W1. If the protein belongs to an under-studied or new protein family, does this retrieval method have certain limitations, especially when these proteins have very low sequence identity to known (trained) proteins? It would be better to include experiments on under-studied proteins to demonstrate, possibly by a simulated way that splitting clusters of low-identity proteins into training and validation sets.

Thank you for your thoughtful comment. To evaluate the generalization ability of the knowledge retriever on under-studied proteins, we employ a new data-splitting strategy. First, we randomly divide the triples (i.e., (protein, relation, go)) into training and testing sets in an 8:2 ratio. Next, we remove any triple (p_i, r_i, go_i) from the training set if go_i appears in any test triples. This ensures that the knowledge (e.g., gene descriptions) associated with test proteins is entirely absent from the training set, and thus unlearnable during training. This splitting method simulates under-studied proteins who have functions and gene descriptions not been observed before. The results, presented in the following table, demonstrate that our knowledge retriever can generalize to these proteins. Additionally, fine-tuning the last three layers of the PubMedBert encoder during training further improves its performance, highlighting its potential to generalize to unseen gene descriptions through domain-specific fine-tuning.

 

W2. Further, does the method have potential to uncover patterns of new proteins and their associations with existing?

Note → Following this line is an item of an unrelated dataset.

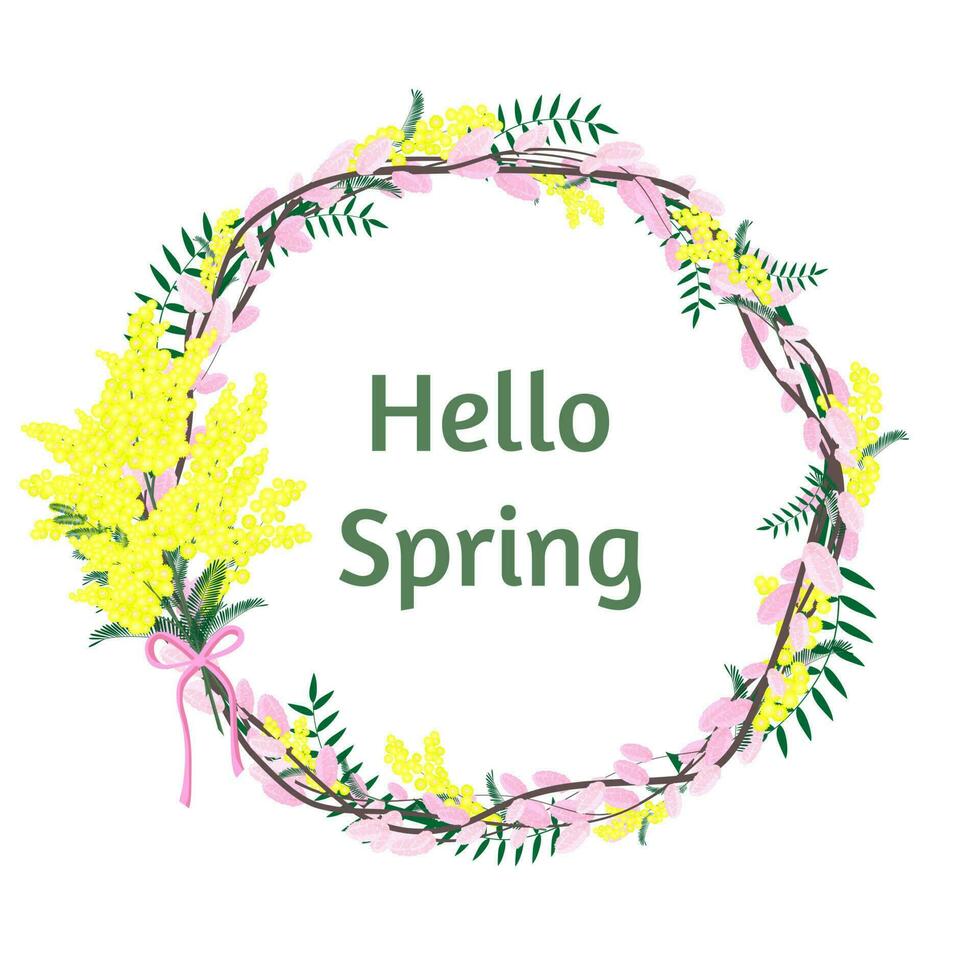 primavera giallo fiori mimosa e salice ramo ghirlanda. mimosa mazzo. piatto vettore illustrato Ciao primavera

Thank you for your thoughtful comment. Our knowledge retriever can predict potential knowledge triplet for new proteins (i.e., gets new protein p_u as input and outputs its potential knowledge (p_u, r_k, go_k), where r_k and go_k have existed in KG). This enables the new protein to be linked to the KG, therefore revealing potential functions for new proteins. Additionally, paths between the new protein and existing proteins can illustrate their relevance. For example, knowledge (p_u, r_k, go_k) and (p_j, r_j, go_k) can form a path (r_k, go_k, r_j), illustrating the roles of two proteins in a shared biological activity.